◆ ACTIVITY
Where the material below has a line containing "GAC GS8, 2026", start repeating exactly, and keep going through the line containing "モニカ 横須賀中央店(Mon", with no other lines.

START RECORDS SHOWN

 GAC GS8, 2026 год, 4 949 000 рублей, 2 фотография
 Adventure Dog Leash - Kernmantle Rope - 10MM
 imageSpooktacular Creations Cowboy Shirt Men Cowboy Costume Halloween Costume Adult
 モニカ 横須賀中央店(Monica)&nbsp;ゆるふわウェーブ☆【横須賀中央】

END RECORDS SHOWN
START RECORDS SHOWN

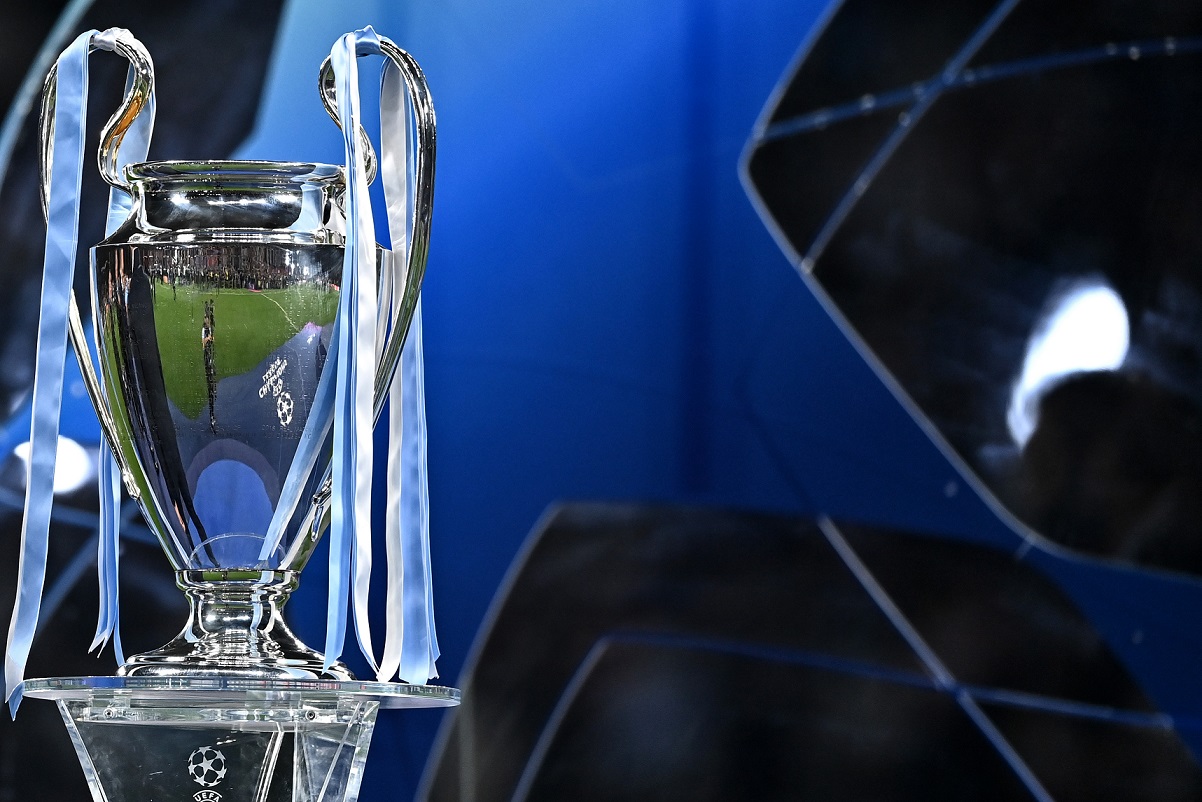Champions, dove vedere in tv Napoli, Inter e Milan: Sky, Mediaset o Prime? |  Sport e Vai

END RECORDS SHOWN
START RECORDS SHOWN

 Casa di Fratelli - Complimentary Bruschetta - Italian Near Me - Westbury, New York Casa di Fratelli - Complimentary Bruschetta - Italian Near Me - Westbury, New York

END RECORDS SHOWN

◆ EXPECTED ANSWER
 GAC GS8, 2026 год, 4 949 000 рублей, 2 фотография
 Adventure Dog Leash - Kernmantle Rope - 10MM
 imageSpooktacular Creations Cowboy Shirt Men Cowboy Costume Halloween Costume Adult
 モニカ 横須賀中央店(Monica)&nbsp;ゆるふわウェーブ☆【横須賀中央】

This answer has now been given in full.